Payment Systems — Where Idempotency Is Critical

In payment systems, duplicate transactions aren't just bugs — they're financial incidents. Major payment gateways mandate idempotency keys:

Payment Gateway	Header	TTL	Duplicate Key Behavior
Stripe	`Idempotency-Key`	24 hours	Returns cached response, logs warning
PayPal	`PayPal-Request-Id`	72 hours	Returns 200 + original response
Adyen	`Idempotency-Key`	24 hours	Returns cached response
Square	`Idempotency-Key`	24 hours	Returns original response with same status

💡 Best Practice from Stripe

Stripe recommends: Idempotency keys should be UUID v4 generated by the client, tied to a user action (button click), not to a request object. When the user clicks "Pay" → generate UUID → all retries of that click use the same UUID. If the user clicks "Pay" again (after seeing the result) → generate a new UUID.

Race Conditions and Concurrent Requests

When two requests with the same idempotency key arrive simultaneously (before the first request completes), you need a locking mechanism:

sequenceDiagram
    participant C1 as Request 1
    participant C2 as Request 2
    participant L as Lock Manager
    participant S as Service
    participant IS as Idempotency Store

    C1->>L: Acquire lock "key-abc"
    L-->>C1: Lock acquired ✅
    C2->>L: Acquire lock "key-abc"
    L-->>C2: Lock busy, waiting... ⏳

    C1->>S: Process payment
    S-->>C1: 201 Created
    C1->>IS: Save response
    C1->>L: Release lock

    L-->>C2: Lock acquired ✅
    C2->>IS: Check key "key-abc"
    IS-->>C2: Found cached response
    C2-->>C2: Return cached 201
    C2->>L: Release lock

Figure 4: Distributed lock prevents concurrent processing of the same idempotency key

Redis Distributed Lock

public async Task<IActionResult> ProcessWithLock(string idempotencyKey)
{
    var lockKey = $"lock:idempotency:{idempotencyKey}";

    // Acquire lock with 30s timeout
    await using var lockHandle = await _redisLock
        .AcquireAsync(lockKey, TimeSpan.FromSeconds(30));

    if (lockHandle is null)
        return StatusCode(429, "Request is being processed, please retry");

    // Check cached response
    var cached = await _store.GetAsync(idempotencyKey);
    if (cached is not null)
        return StatusCode(cached.StatusCode, cached.ResponseBody);

    // Process request
    var result = await _service.ExecuteAsync();

    // Cache response
    await _store.SaveAsync(idempotencyKey, result);

    return Ok(result);
}

End-to-End Architecture — Idempotency in Microservices

graph TD
    CLIENT[Mobile / Web Client] -->|Idempotency-Key header| GW[API Gateway]
    GW --> IF{Idempotency Filter}

    IF -->|Cache hit| CACHED[Return Cached Response]
    IF -->|Cache miss| LOCK[Acquire Distributed Lock]

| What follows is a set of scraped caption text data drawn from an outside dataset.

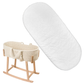 ( 76 x 33 ) Moses Pram Basket Mattress 4cm Height Oval Shaped, Waterproof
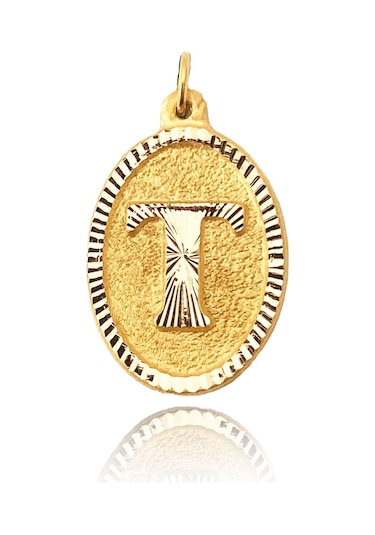 0.25 Gram 14 Ayar Altın T Harf Kolye Ucu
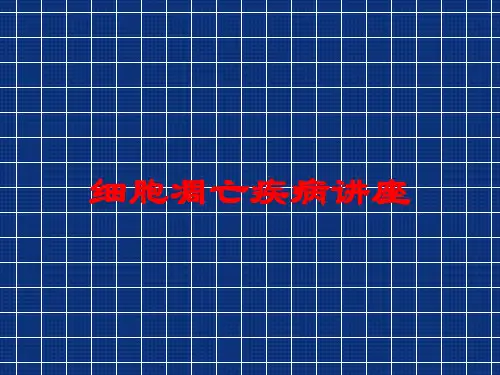 细胞凋亡疾病讲座培训课件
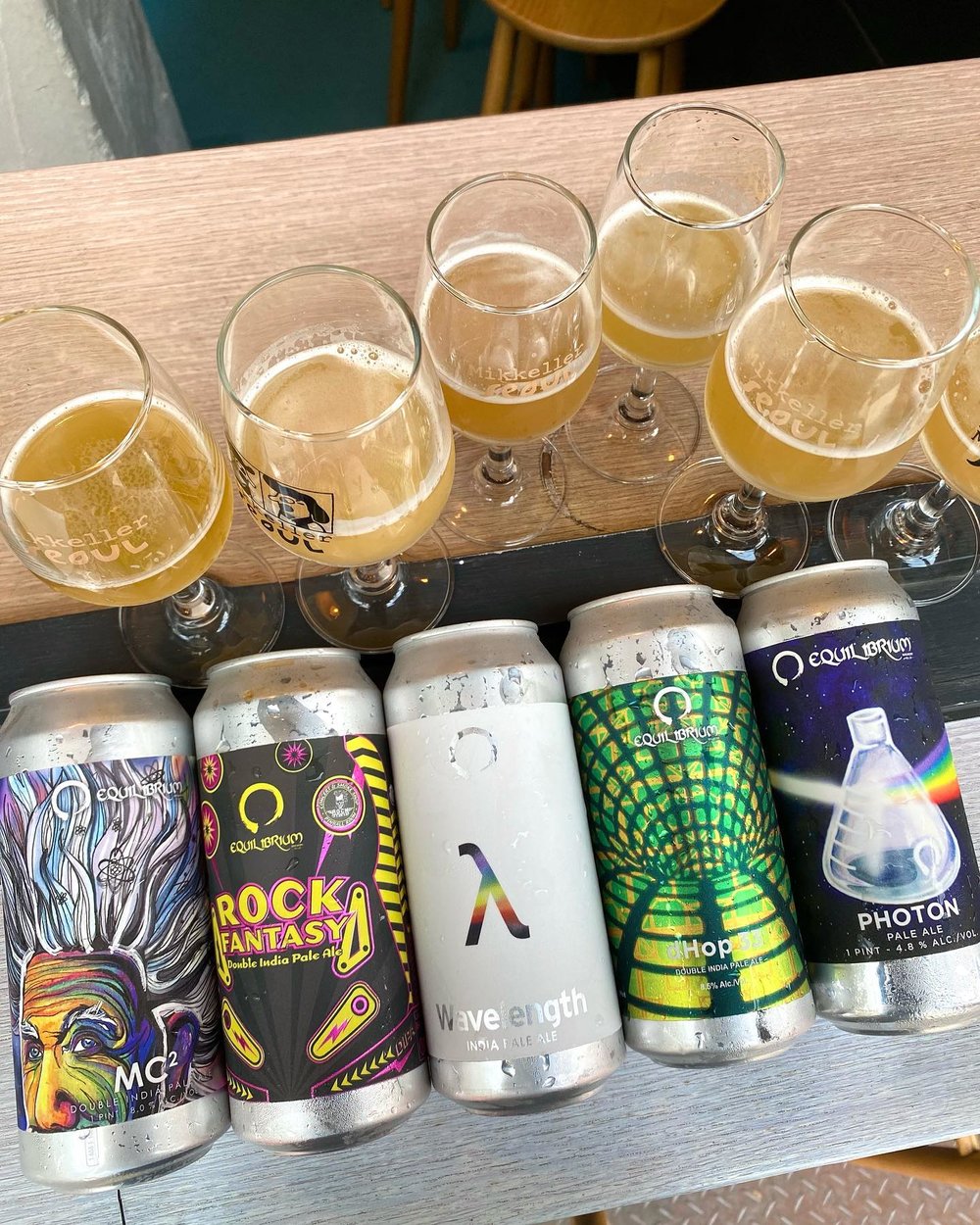 Beer in can and in wine glass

    LOCK --> SVC[Business Service]
    SVC --> DB[(Primary Database)]
    SVC --> MQ[Message Queue]
    MQ --> CONSUMER[Consumer Service]
    CONSUMER --> DEDUP{Dedup Check}
    DEDUP -->|Already processed| SKIP2[Skip]
    DEDUP -->|New| PROC[Process + Save MessageId]

    SVC -->|Response| SAVE[Save to Idempotency Store]
    SAVE --> RELEASE[Release Lock]
    RELEASE --> CLIENT

    style CLIENT fill:#2c3e50,stroke:#fff,color:#fff
    style GW fill:#e94560,stroke:#fff,color:#fff
    style IF fill:#f8f9fa,stroke:#e94560,color:#2c3e50
    style LOCK fill:#ff9800,stroke:#fff,color:#fff
    style SVC fill:#4CAF50,stroke:#fff,color:#fff
    style CONSUMER fill:#4CAF50,stroke:#fff,color:#fff
    style DB fill:#f8f9fa,stroke:#e94560,color:#2c3e50
    style MQ fill:#f8f9fa,stroke:#e94560,color:#2c3e50

Figure 5: Idempotency across microservices architecture — from API Gateway to Message Consumer

Anti-Patterns to Avoid

1. Using Timestamps as Idempotency Keys

// ❌ WRONG — timestamps can collide across different requests
headers: { 'Idempotency-Key': Date.now().toString() }

// ✅ CORRECT — UUID v4 guarantees uniqueness
headers: { 'Idempotency-Key': crypto.randomUUID() }

2. Not Verifying the Request Body

// Request 1: POST /payments, Key: abc, Body: {amount: 100}
// Request 2: POST /payments, Key: abc, Body: {amount: 999}
// If you only check the key without the body → returns $100 response for $999 request
// → MUST hash request body and compare

3. TTL Too Short or Too Long

⚠️ Choose the Right TTL

Too short (1 minute): Client retries after 2 minutes → key expired → duplicate processed.
Too long (30 days): Store bloats, wastes memory/storage unnecessarily.
Recommended: 24h for standard APIs, 72h for payments, 7 days for async workflows.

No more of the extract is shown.